I was in the supermarket check-out line last week, and I absent-mindedly glanced at the impulse-buy items as I’ve done hundreds of times. Yet, on this occasion, for some unknown reason, I actually paid attention to what I was seeing. And what I saw—or, at least what I noticed—were the items you see to the right.
Jughead’s Double Digest and the Betty & Veronica Double Digest were both displayed prominently among the limited periodicals that were mostly commemorative editions of some sort or another, or recipe or craft books.
What I’m trying to piece together is who is supposed to purchase these Archie digests. And I can’t come up with a good answer.
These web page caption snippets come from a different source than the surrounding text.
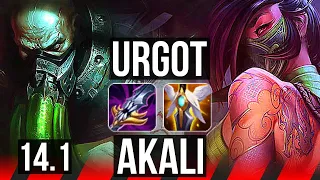 URGOT vs AKALI (TOP) | Rank 5 Urgot, 8/2/6 | NA Challenger | 14.1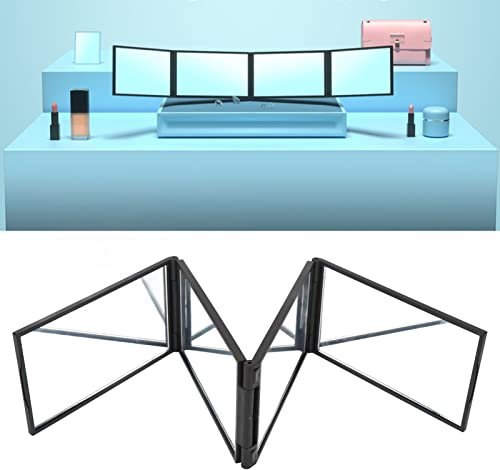 Spiegel, Faltbar, Tragbar, Dreifach Faltbar, Kosmetikspiegel, 4-Wege-Spiegel, 360-Grad-Handheld-Desktop, Tragbar, Faltbarer Make-up-Spiegel Zum Selbsthaarschneiden, Styling, Rasieren Ihres Kopfes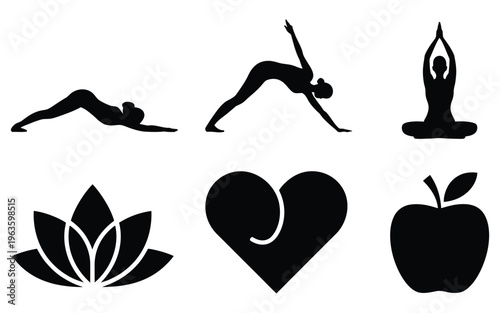 Yoga silhouette icons with symbols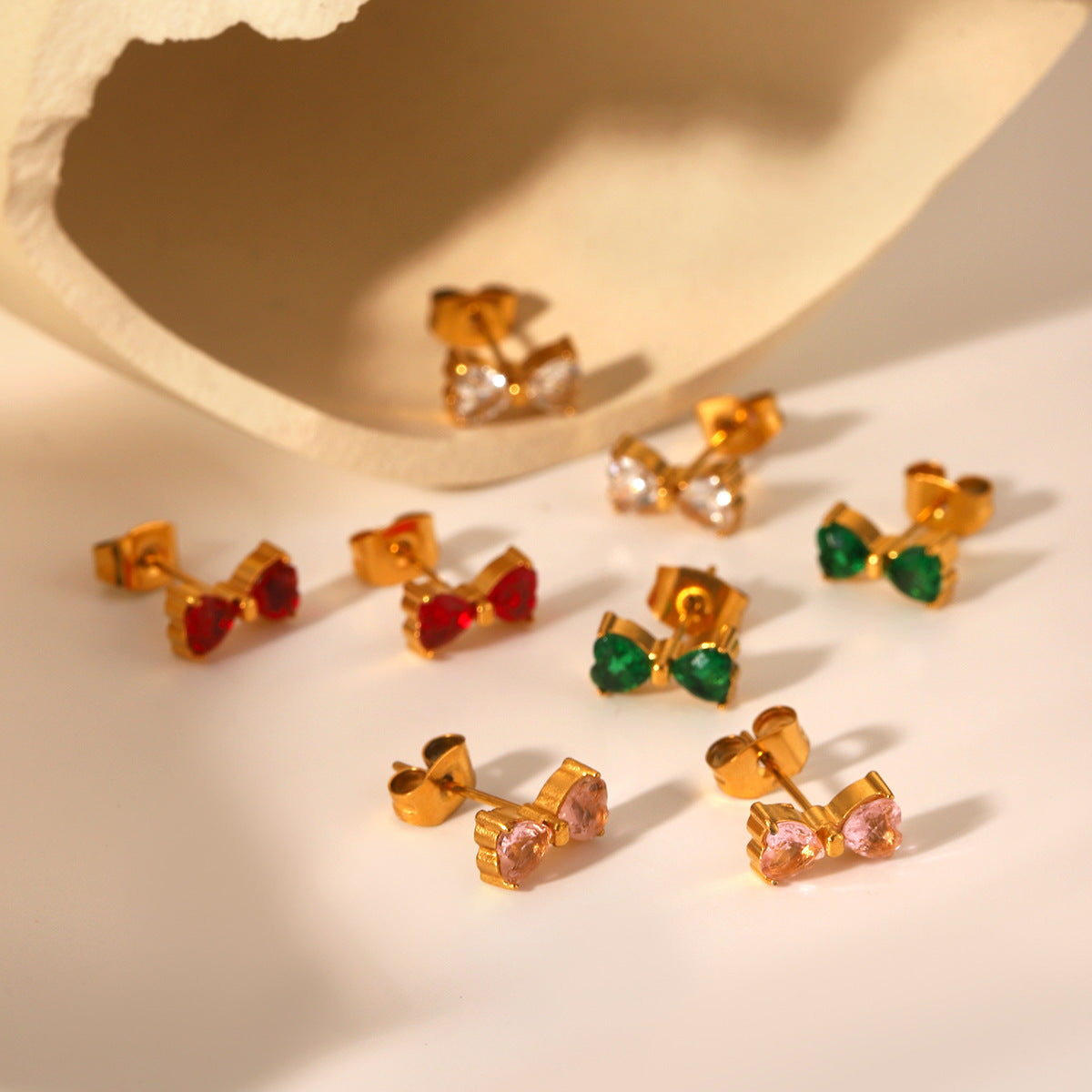 INS-style Stainless Steel Bowknot Earrings with Zircon Studs for Women, Non-fading Titanium Steel, 18K Gold-plated Earrings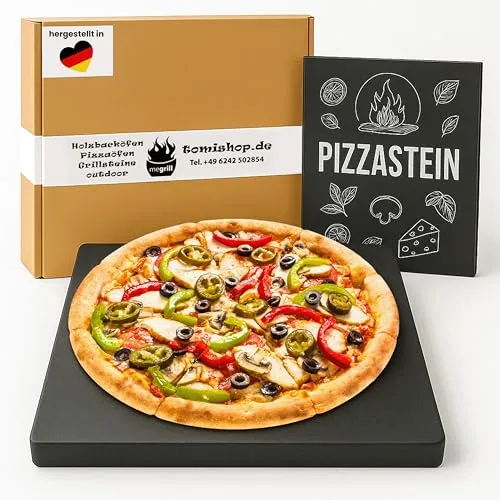 Megrill Pizzastein Rund 370x340x20mm – Glasierter Cordierit für Knusprige Pizzen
Archie comics probably peaked in popularity sometime around, I don’t know, 1960? 1964? 1952? Certainly not anytime in the last 25 years.
The point is that this is a specialty item. But, unlike something like “Best Halloween Treats” that might appeal to a random passerby, Jughead’s Double Digest will only even make sense to someone who is familiar with the series. Is that person still reading comic books? Unlikely. And is the child or grandchild of that person going to be reading Archie comics? Perhaps even less likely. A person who has interest in these books would probably have a subscription or would purchase them online or from a specialty shop.
It just seems like the circumstances that would have to align for a random person to buy those comics is so improbable as to border on the impossible.
Yet, there they are. Every time. A stack of these comics.
It made me a little sad in an odd sort of way. I remember my late grandmother had some old Archie comics that I would read when I would go to visit her as a child. But the comics seemed dated even then, and this was when I was about eight years old in the mid-1980s.
I guess I was sad because the notion of selling these things to the general public seems misguided, as the folks who might have been interested in making such a spontaneous purchase are largely . . . well . . . dead.
I’ll just hope that I’m wrong. And I’ll try not to make the mistake of paying attention to my surroundings when I next find myself in the check-out line.